Five first-time feature filmmakers discovered they’d been nominated for a prestigious new Directors Guild of America award they didn’t even know existed.
“I was surprised,” says “Son of Saul” director Laszlo Nemes. “I didn’t expect the call. I didn’t know about the category. It’s a big deal, I guess.”
The DGA’s latest award, which recognizes the directorial achievement of a first-time feature director, includes one woman, Marielle Heller, among the nominees.
“The DGA is making a major effort to reach out to young filmmakers and make the union accessible to indie filmmakers and first-time filmmakers — and women,” says “The Diary of a Teenage Girl” director and recently minted DGA member.
Industry-wide pressure to diversify has impacted the insular guild whose director membership is only 14% female, 3.6% African-American and 2.7% Latino. With this new category, the guild expanded its reach, softening the blow that the traditional feature film nominees are all male. In addition to Nemes and Heller, the DGA is also recognizing Fernando Coimbra (“A Wolf at the Door”), Joel Edgerton (“The Gift”) and novelist-turned-filmmaker Alex Garland (“Ex Machina”). The award shines a spotlight on directorial talent that may be overlooked by the Hollywood establishment, recognizing smaller, more intimate films and a variety of genres.
While “Son of Saul” also received a foreign-language film Oscar nomination, the movie itself is a breakthrough in a familiar awards genre, the Holocaust drama. Nemes believed his fellow filmmakers responded to his work because it doesn’t “take the language of cinema for granted.”
“We question the established standardized way of telling stories,” says Nemes. “It’s really the immersive quality of the film that relies more on the imagination of the viewer and trusts the viewer, breaking with the tradition of over-covered filmmaking.”
Addressing the same question, Heller felt her peers recognized her achievement because her “movie takes risks and takes on its subject matter in a very unapologetic way.

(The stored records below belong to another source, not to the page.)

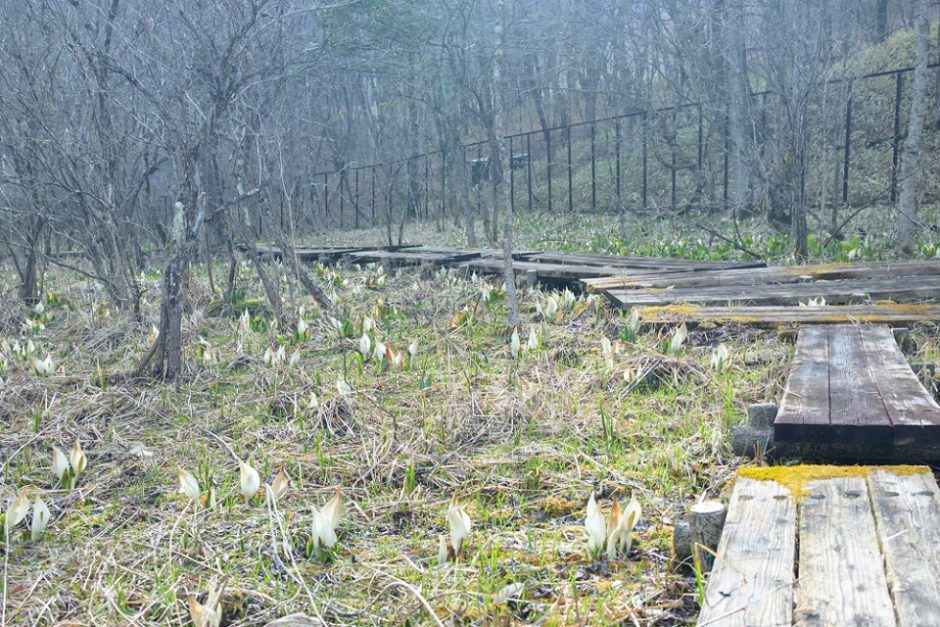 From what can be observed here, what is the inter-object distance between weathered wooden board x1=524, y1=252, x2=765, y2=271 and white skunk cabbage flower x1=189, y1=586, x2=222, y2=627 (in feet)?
21.4

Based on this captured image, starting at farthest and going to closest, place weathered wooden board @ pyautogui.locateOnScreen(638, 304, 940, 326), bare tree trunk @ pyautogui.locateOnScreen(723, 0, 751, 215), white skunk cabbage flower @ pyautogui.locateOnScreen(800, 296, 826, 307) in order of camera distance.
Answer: bare tree trunk @ pyautogui.locateOnScreen(723, 0, 751, 215) < white skunk cabbage flower @ pyautogui.locateOnScreen(800, 296, 826, 307) < weathered wooden board @ pyautogui.locateOnScreen(638, 304, 940, 326)

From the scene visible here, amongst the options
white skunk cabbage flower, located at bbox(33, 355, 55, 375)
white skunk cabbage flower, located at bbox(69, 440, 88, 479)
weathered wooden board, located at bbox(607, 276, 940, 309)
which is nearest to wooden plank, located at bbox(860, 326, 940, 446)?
weathered wooden board, located at bbox(607, 276, 940, 309)

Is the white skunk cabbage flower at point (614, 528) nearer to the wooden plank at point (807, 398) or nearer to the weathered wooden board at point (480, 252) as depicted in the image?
the wooden plank at point (807, 398)

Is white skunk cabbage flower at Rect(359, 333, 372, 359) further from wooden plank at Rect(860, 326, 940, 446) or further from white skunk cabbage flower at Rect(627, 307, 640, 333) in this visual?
wooden plank at Rect(860, 326, 940, 446)

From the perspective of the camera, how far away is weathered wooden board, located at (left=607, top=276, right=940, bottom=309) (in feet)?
19.0

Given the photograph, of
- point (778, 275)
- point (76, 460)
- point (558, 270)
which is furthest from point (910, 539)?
point (558, 270)

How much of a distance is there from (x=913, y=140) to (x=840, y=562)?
759 centimetres

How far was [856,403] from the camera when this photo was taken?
3.09 metres

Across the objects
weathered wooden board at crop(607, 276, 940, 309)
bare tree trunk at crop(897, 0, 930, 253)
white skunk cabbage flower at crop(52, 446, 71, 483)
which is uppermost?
bare tree trunk at crop(897, 0, 930, 253)

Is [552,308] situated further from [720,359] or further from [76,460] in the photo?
[76,460]

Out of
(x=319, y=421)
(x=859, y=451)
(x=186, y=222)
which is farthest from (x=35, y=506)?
(x=859, y=451)

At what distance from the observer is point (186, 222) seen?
5.04m

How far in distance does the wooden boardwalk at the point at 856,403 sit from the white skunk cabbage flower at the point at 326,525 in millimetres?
1455

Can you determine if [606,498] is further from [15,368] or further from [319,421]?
[15,368] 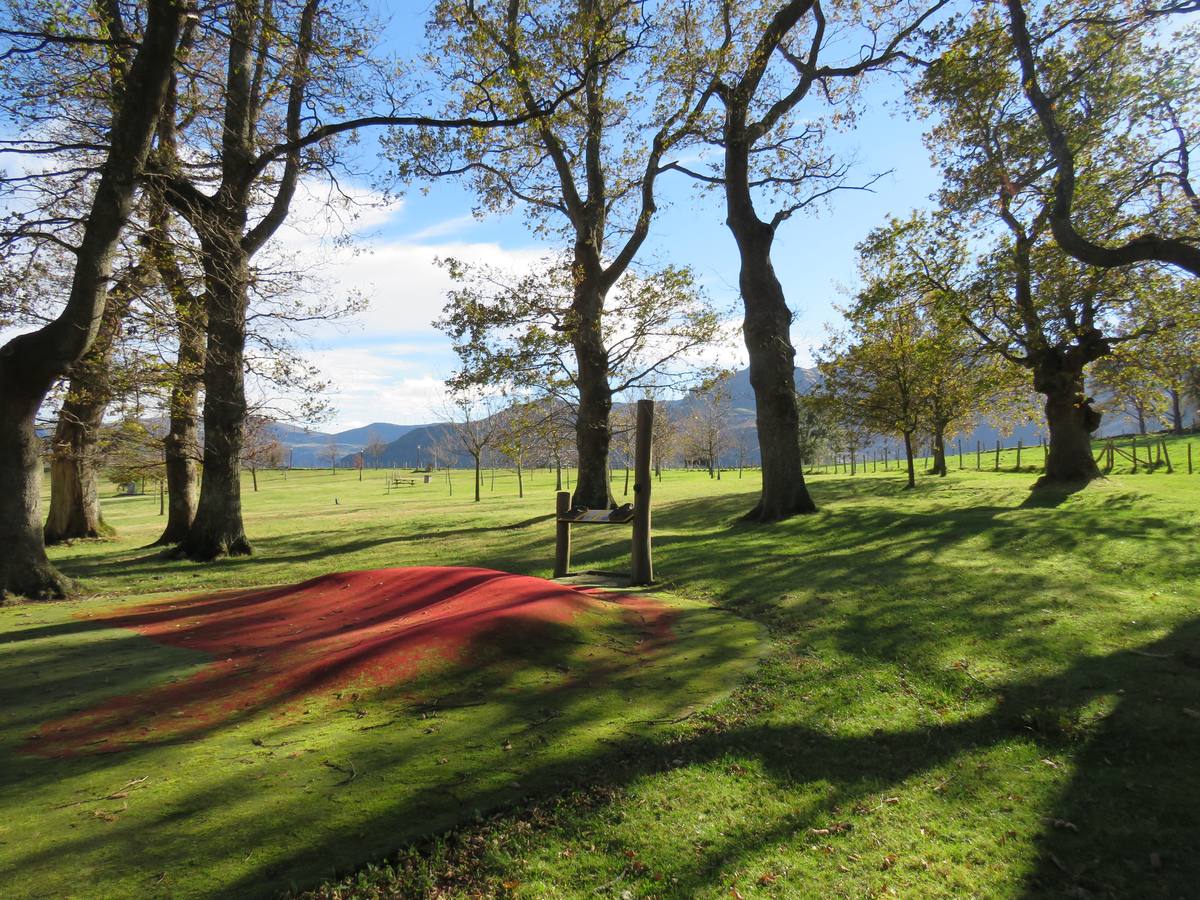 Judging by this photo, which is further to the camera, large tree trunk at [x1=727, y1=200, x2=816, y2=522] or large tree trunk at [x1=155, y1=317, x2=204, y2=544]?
large tree trunk at [x1=727, y1=200, x2=816, y2=522]

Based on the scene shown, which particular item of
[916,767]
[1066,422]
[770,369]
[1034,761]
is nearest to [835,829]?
[916,767]

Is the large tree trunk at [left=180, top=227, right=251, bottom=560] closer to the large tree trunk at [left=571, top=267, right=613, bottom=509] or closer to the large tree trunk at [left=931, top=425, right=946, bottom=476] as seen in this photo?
the large tree trunk at [left=571, top=267, right=613, bottom=509]

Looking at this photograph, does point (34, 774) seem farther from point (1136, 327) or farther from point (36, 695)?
Result: point (1136, 327)

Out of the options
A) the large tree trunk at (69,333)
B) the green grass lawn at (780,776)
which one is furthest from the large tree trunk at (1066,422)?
the large tree trunk at (69,333)

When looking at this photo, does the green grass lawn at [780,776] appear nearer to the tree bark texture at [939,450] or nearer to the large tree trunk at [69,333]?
the large tree trunk at [69,333]

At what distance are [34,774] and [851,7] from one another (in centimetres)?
2358

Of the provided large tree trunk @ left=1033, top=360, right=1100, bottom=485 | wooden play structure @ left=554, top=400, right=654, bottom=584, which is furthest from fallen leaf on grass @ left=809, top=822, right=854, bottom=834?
large tree trunk @ left=1033, top=360, right=1100, bottom=485

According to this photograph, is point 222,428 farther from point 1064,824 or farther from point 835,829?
point 1064,824

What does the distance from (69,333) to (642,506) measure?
9679 millimetres

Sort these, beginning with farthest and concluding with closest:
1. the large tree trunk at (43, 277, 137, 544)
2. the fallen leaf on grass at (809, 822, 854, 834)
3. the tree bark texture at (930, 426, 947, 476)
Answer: the tree bark texture at (930, 426, 947, 476), the large tree trunk at (43, 277, 137, 544), the fallen leaf on grass at (809, 822, 854, 834)

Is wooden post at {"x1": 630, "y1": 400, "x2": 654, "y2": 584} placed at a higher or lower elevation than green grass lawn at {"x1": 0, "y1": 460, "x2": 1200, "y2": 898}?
higher

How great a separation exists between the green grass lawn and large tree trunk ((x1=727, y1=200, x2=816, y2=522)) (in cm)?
849

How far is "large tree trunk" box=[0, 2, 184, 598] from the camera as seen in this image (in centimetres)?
1055

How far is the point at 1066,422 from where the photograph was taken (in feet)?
75.1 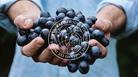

“Directors acknowledge how difficult it is to manifest a singularity of voice without judgment that permeates every detail of the filmmaking,” Heller says. “I made it my mission to take on the female teenager’s point-of-view in a period movie set in the ’70s in San Francisco. Directors know how tough that is and were impressed by that.”
Peer recognition is crucial for filmmakers embarking on a career. With this award, the DGA addresses its diversity issue while recognizing talent often overlooked during awards season.
According to Michael Barker, co-president of Sony Pictures Classics, which distributed the films by Heller and Nemes, “We at Sony Pictures Classics are so thrilled that the DGA added this category. For years, so many great directors didn’t make the cut. It’s terrific now and says a lot about the DGA having faith in the future.”